The UN agency responsible for setting climate targets for global shipping, was left red faced today, as delegates pushed measures that broke the Paris Agreement on Climate Change.
After a week of talks, delegates at the UN’s International Maritime Organization failed to agree to targets that would meet the Paris Agreement, as they had originally agreed to do in 2018, a deal the shipping industry hailed as ‘historic’ and which 100 countries had voted on.
Even worse, what emerged today was that IMO will not be imposing any meaningful penalties for ships that fail these weaker greenhouse gas standards. So today’s conclusion to the week of UN climate talks was a weak and toothless agreement.
It was weak enforcement of a dozen IMO laws that were found to be to blame for the oil spill and ship sinking crisis facing the Indian Ocean islands of Mauritius and Reunion Island, which the IMO has so far avoided taking any responsibility for.

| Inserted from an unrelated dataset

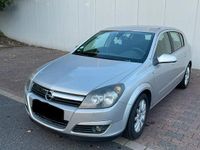 Gebraucht Opel Astra 105 PS (77 kW) 2004 Silber Kleinwagen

By projecting such weak enforcement of its own laws into the proposals on greenhouse gas emissions for the global shipping fleet, this will increase climate risk and push the world beyond the permissible limits set by the Paris Agreement on Climate Change and the UN’s own scientists (on the 1.5C target to save the world’s coral reefs).

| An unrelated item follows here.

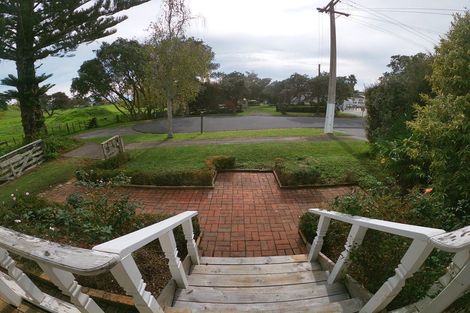 Photo of property in 28 Bertram Road, Kawakawa Bay, Papakura, 2585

It also increases the chance that the IMO will be broken up into a regional set of shipping regulatory organizations as the US announced today its own set of emission targets (called the Oceans Climate Based Solutions Act) to mirror stricter European Union shipping emission measures introduced this summer as well as the United Kingdom’s.

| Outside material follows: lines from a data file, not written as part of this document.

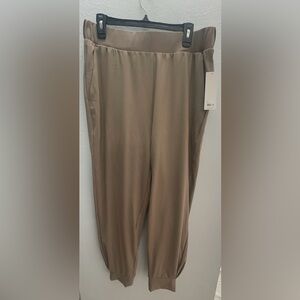 Yogalicious Tiramisu Lux Midtown Jogger in Soft Taupe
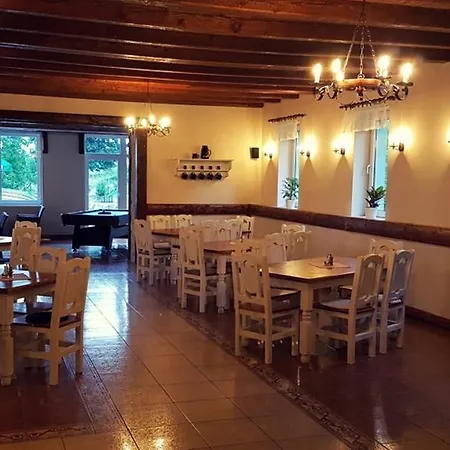 Pensionat Pod Hradom Restaurant & Topoľčany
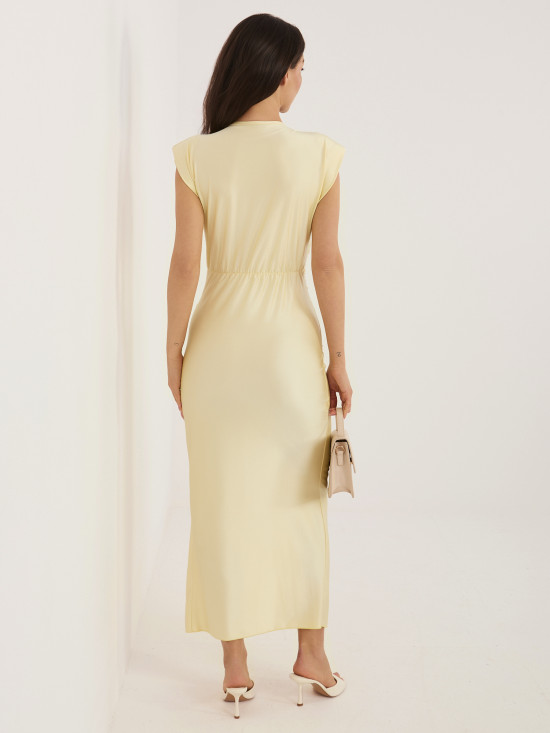 Rochie midi galbenă elegantă cu decolteu petrecut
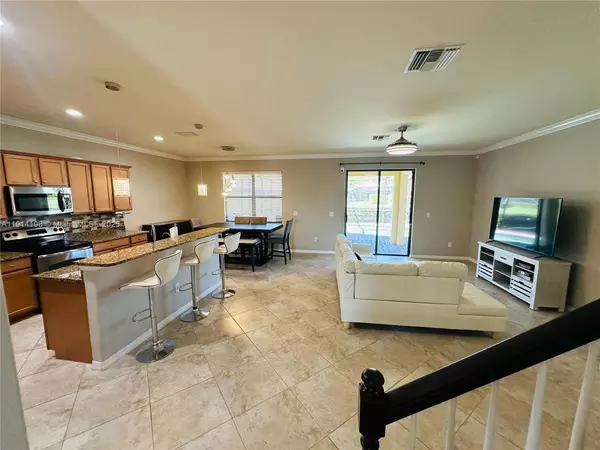 4 bedrooms apartment for rent in Villas - Fort Myers, Fort Myers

Weak outcomes after a week of talks
Global shipping decided to unilaterally opt out of the Paris Agreement in 2015, given the influence from high-polluting shipbuilding nations like Japan. Under pressure from NGOs and environmentally-minded Governments, an agreement was reached in 2018 to voluntarily comply with the Paris Agreement emissions targets. However, today’s announcement does not come close to these targets.
From an analysis produced by the International Council on Clean Transport (summarized above), global shipping currently emits 1 billion tons of carbon dioxide a year.
- To meet the 1.5C scenario as scientists have argued for and was included in the Paris Agreement, carbon emissions from shipping need to be reduced to 350 million a year, a reduction of 75% within a decade.
- To meet the less ambitious 2018 ‘historic agreement’ for shipping, emissions only need to be reduced by 15% to reach 850 million tons a year by 2030.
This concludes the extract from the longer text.